Sales tax is a percentage added to the price of goods (and some services) at the point of retail sale. It is collected by sellers and passed on to the state and local governments. In the United States, sales tax is a state-level tax — there is no federal sales tax — so rates and rules vary significantly by state, county, and city.
Unlike income tax, which is based on earnings, sales tax is a consumption tax: you pay it when you spend money. The seller does the administrative work of collecting it, but the economic burden falls on the buyer.
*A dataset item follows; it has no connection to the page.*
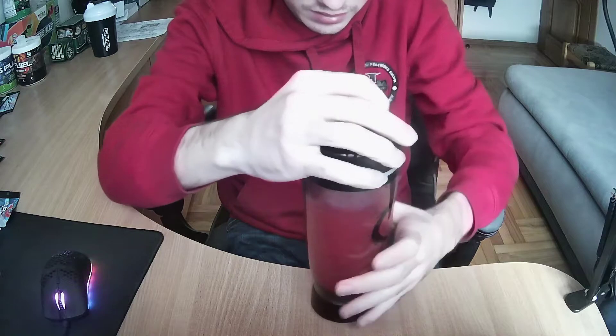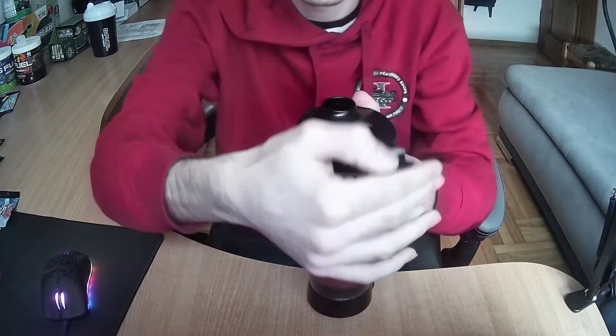So I guess let's try it out! Let's first smell it. Very sweet berry drink. It's supposed to be like lingonberry actually. Something sweet — it's like really sweet.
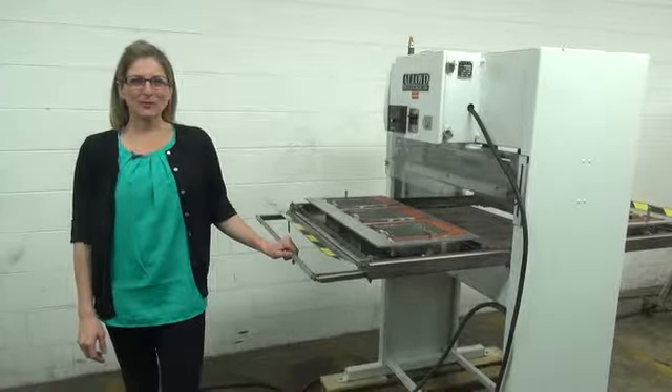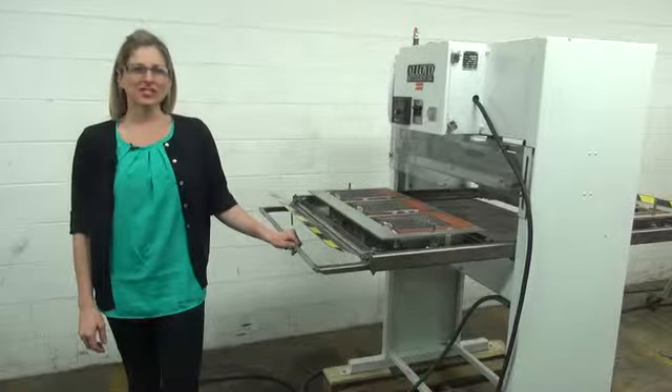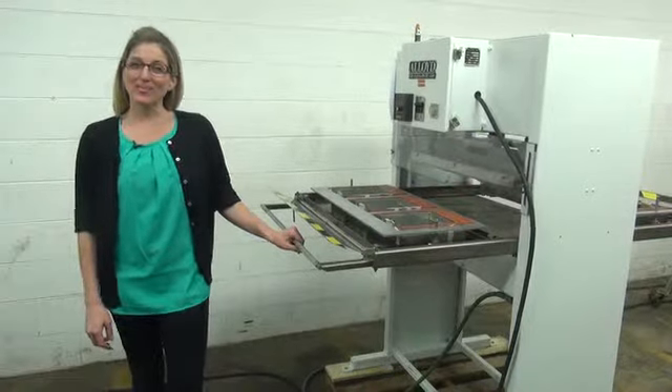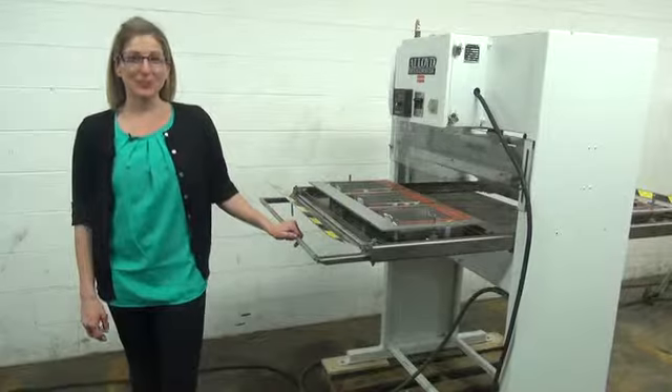Hi, I'm Katie with The Frame Group. Today we're cycling your Alloyd dual station semi-automatic blister sealer. We recommend you read the manual in its entirety before powering up the machine. The voltage is currently set to three phase 240 volt.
Sales tax is the largest single revenue source for state governments after income taxes. Most states fund education, infrastructure, and public services primarily through income and sales tax revenue.
How Rates Are Set
Sales tax rates in the U.S. have two components that stack together:
- State rate — set by the state legislature and applies statewide. For example, California's state rate is 7.25%; Texas is 6.25%.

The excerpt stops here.